Finally, let's build the buffer pool on top of this.

Buffer Pool Manager Implementation

Our buffer pool manager will hold a few pieces of state:

A pointer to the disk manager (to read/write pages to disk which are not in memory)
A pointer to the buffer pool frames, where we'll store our pages
A mapping from a logical page ID to a physical frame ID (the "page table")
A list of frame indices which don't have any pages in them/are "free" (the "free list")

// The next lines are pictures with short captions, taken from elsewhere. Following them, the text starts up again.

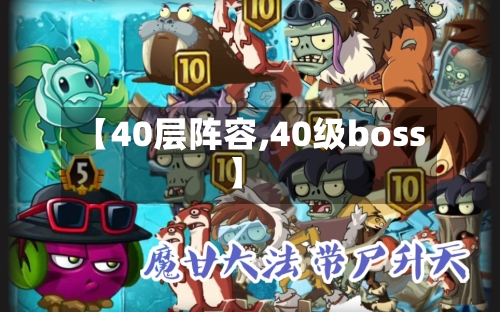 【40层阵容,40级boss】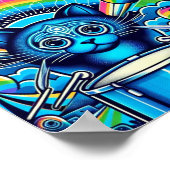 Poster du Festival de musique (Coin)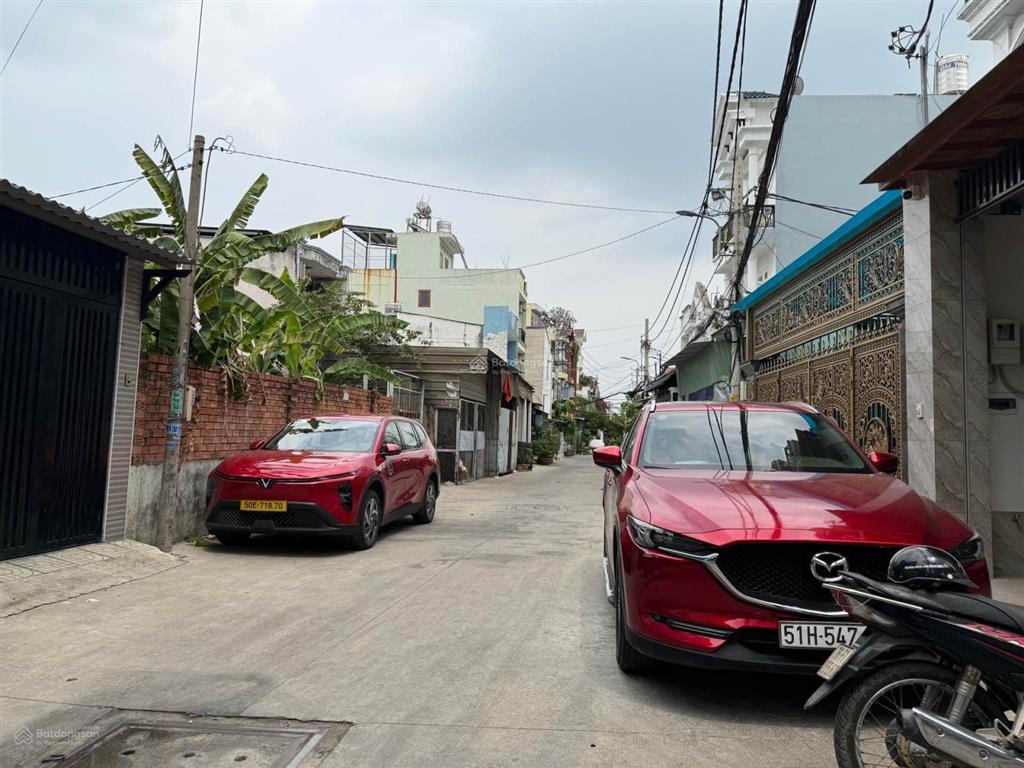 Bán nhà 2 tầng trương thị hoa 80m2  hẻm xe hơi tránh  chỉ nhỉnh 5 tỷ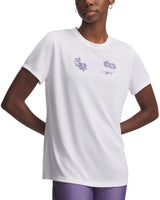 Under Armour Womens UA Tech Twist Graphic Short Sleeve T-Shirt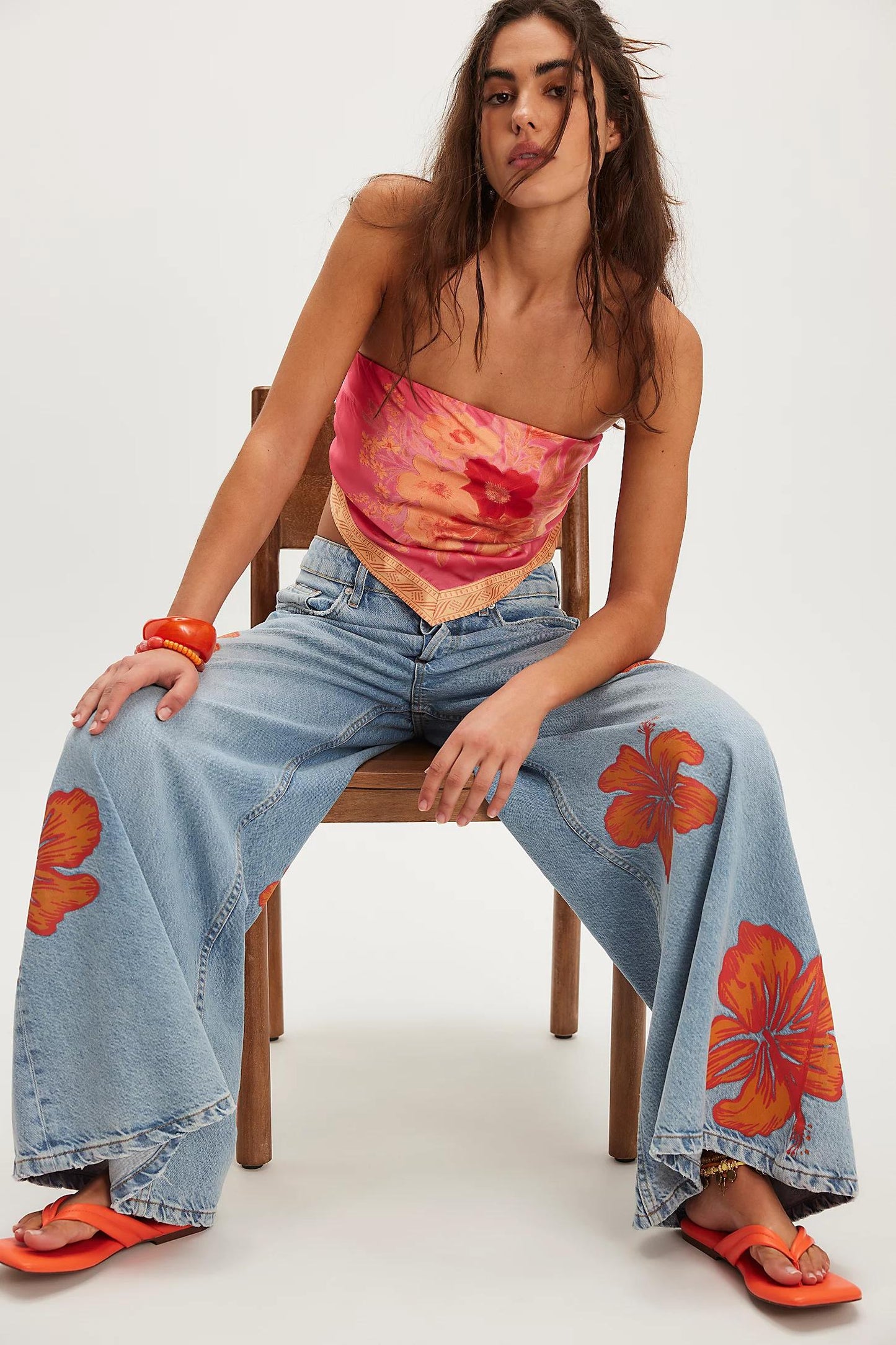 Amora™ Palisades Wide-Leg Jeans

pub const IoUringBufferPoolManager = struct {
    // Disk Manager is responsible for reading and writing pages to disk.
    disk_manager: *IoUringDiskManager,
    // Frames is an array of PAGE_SIZE bytes of memory, each representing a page.
    frames: *[BUFFER_POOL_NUM_PAGES][PAGE_SIZE]u8,
    // Page table is a mapping from page id to frame index in the buffer pool
    page_id_to_frame_map: std.AutoHashMap(u32, usize),
    // Free list is a list of free frames in the buffer pool
    free_list: std.ArrayList(usize),
};

When we initialize a buffer pool manager instance, we want to do two things:

Initialize the free list and page table. We'll also resize them to BUFFER_POOL_NUM_PAGES to avoid reallocations.
Add every frame index to the free list. All frames are free at the start.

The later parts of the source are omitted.